* [Exercise directions] Your answer must consist of exactly the lines below, starting with the line with "最简单的家常年夜饭 5e38" and going on through the line with "2020 Nissan Sentra Image 6", and nothing else.

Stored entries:
:::
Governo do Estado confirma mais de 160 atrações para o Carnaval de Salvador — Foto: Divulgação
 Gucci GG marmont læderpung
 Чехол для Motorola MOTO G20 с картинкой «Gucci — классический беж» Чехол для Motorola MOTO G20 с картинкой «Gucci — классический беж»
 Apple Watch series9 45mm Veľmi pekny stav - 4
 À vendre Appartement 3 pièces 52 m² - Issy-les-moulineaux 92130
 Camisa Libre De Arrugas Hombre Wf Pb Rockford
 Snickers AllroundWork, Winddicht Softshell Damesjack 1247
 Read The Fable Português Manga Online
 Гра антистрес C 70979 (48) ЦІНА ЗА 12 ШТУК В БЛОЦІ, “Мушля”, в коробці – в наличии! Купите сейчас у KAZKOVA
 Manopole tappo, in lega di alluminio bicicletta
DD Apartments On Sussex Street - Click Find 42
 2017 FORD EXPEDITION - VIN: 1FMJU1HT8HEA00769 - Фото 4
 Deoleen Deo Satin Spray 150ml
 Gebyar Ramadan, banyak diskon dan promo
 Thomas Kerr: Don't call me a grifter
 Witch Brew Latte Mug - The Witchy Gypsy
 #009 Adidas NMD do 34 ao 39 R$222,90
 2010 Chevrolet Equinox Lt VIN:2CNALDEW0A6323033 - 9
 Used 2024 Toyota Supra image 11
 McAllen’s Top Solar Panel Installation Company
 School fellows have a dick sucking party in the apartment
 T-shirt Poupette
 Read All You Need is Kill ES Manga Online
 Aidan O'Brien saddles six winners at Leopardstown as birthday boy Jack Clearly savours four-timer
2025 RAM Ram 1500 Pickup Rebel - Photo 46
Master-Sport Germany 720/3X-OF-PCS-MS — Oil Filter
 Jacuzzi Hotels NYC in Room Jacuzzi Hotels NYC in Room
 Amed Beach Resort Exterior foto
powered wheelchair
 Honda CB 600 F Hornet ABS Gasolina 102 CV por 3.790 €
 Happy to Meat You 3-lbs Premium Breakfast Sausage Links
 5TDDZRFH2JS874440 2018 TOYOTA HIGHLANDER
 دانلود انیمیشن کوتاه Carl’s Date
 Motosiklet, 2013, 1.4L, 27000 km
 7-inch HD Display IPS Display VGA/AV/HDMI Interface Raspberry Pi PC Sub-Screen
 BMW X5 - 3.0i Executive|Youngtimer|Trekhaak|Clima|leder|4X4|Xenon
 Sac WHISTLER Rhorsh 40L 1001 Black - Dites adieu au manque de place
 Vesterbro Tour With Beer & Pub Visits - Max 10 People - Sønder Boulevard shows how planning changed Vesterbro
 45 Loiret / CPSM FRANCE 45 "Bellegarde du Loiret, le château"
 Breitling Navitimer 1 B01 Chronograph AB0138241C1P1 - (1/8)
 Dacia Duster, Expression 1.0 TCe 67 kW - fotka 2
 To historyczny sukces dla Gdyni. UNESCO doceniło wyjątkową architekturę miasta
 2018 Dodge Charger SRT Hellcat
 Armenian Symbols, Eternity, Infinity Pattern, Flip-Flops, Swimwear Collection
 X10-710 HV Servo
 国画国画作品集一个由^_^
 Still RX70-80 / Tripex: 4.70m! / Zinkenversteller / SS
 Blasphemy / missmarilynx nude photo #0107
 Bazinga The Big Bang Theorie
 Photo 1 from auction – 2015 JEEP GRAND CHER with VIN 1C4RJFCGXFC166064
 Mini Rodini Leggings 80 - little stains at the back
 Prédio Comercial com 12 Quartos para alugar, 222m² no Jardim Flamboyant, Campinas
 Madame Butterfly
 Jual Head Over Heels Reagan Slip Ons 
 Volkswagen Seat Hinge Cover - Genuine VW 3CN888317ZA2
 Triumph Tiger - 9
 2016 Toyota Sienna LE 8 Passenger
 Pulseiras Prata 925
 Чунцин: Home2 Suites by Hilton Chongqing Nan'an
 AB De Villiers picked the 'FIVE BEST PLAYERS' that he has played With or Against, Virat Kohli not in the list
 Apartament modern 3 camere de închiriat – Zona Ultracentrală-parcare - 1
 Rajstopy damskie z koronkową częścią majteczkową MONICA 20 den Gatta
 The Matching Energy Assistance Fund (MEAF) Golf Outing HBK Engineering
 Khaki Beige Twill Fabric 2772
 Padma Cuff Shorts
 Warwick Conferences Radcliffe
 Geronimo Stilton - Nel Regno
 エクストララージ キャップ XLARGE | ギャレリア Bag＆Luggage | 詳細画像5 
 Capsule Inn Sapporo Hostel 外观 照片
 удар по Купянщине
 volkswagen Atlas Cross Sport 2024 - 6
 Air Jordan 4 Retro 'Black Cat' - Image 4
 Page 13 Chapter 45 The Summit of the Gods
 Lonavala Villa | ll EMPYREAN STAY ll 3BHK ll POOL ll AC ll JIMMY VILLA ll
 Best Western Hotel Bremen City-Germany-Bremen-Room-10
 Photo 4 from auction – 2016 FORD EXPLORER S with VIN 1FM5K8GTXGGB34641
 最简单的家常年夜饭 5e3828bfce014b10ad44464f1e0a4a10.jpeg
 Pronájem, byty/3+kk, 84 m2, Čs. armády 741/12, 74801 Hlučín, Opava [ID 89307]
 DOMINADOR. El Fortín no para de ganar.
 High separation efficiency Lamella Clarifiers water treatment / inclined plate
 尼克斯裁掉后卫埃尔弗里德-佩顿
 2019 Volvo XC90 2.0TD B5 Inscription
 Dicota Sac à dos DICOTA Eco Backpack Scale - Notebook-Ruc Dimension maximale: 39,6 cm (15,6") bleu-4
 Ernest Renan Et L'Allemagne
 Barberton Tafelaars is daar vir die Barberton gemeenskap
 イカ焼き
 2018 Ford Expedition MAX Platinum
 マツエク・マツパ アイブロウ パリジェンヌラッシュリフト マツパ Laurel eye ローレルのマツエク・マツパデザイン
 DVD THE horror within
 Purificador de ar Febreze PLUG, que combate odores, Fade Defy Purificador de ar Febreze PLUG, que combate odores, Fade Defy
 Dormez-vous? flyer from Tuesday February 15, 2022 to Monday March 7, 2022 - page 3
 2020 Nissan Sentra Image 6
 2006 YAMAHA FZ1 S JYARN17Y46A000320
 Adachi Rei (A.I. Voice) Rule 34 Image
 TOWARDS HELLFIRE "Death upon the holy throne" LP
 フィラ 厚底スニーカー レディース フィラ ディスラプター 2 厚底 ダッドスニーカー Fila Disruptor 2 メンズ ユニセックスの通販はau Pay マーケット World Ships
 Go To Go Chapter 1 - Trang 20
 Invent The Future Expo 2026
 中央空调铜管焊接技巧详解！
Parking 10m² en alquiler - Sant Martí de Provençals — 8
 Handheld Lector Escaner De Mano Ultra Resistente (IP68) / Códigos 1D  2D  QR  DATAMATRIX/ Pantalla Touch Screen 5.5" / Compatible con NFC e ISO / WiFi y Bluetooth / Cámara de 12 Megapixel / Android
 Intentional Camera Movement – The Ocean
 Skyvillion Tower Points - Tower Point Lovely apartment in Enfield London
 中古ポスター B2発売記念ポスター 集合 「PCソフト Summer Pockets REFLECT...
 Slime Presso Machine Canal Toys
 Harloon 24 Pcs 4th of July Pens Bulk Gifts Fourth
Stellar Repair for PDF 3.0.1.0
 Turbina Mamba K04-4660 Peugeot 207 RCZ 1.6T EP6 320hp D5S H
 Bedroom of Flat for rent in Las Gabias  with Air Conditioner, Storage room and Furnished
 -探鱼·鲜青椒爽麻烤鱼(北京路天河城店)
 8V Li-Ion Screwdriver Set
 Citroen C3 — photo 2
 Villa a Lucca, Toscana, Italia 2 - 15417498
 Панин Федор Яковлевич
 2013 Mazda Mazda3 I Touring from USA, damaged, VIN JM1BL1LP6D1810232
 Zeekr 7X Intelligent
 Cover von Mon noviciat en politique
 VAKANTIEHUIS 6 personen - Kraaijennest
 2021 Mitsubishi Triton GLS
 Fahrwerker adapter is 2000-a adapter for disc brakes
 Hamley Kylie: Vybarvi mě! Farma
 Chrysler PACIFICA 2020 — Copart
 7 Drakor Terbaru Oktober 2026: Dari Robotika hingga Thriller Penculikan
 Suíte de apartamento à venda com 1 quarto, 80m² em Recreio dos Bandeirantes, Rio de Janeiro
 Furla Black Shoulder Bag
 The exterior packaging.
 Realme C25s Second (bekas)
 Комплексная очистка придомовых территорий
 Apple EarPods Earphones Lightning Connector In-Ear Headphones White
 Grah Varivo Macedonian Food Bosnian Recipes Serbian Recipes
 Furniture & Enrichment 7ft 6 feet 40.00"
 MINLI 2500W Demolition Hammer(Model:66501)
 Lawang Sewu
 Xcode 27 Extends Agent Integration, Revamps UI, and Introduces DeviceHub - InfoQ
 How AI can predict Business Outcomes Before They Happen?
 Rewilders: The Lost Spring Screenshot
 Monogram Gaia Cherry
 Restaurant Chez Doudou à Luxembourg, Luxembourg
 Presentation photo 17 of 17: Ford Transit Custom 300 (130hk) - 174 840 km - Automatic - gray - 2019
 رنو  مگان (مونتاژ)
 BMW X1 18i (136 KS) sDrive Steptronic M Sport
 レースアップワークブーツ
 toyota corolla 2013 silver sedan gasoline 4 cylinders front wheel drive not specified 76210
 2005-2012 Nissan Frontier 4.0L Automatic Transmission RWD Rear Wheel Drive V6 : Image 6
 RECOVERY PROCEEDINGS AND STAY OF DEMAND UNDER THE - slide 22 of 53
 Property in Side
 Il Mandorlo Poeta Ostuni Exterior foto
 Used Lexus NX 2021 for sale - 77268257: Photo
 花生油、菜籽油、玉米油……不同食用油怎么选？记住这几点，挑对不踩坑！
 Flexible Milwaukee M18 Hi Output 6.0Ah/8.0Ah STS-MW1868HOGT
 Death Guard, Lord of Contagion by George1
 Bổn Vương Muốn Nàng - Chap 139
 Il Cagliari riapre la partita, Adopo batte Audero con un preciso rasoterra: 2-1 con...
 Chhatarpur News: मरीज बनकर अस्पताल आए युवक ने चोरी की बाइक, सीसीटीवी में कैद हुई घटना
:::
* [Your response]
 最简单的家常年夜饭 5e3828bfce014b10ad44464f1e0a4a10.jpeg
 Pronájem, byty/3+kk, 84 m2, Čs. armády 741/12, 74801 Hlučín, Opava [ID 89307]
 DOMINADOR. El Fortín no para de ganar.
 High separation efficiency Lamella Clarifiers water treatment / inclined plate
 尼克斯裁掉后卫埃尔弗里德-佩顿
 2019 Volvo XC90 2.0TD B5 Inscription
 Dicota Sac à dos DICOTA Eco Backpack Scale - Notebook-Ruc Dimension maximale: 39,6 cm (15,6") bleu-4
 Ernest Renan Et L'Allemagne
 Barberton Tafelaars is daar vir die Barberton gemeenskap
 イカ焼き
 2018 Ford Expedition MAX Platinum
 マツエク・マツパ アイブロウ パリジェンヌラッシュリフト マツパ Laurel eye ローレルのマツエク・マツパデザイン
 DVD THE horror within
 Purificador de ar Febreze PLUG, que combate odores, Fade Defy Purificador de ar Febreze PLUG, que combate odores, Fade Defy
 Dormez-vous? flyer from Tuesday February 15, 2022 to Monday March 7, 2022 - page 3
 2020 Nissan Sentra Image 6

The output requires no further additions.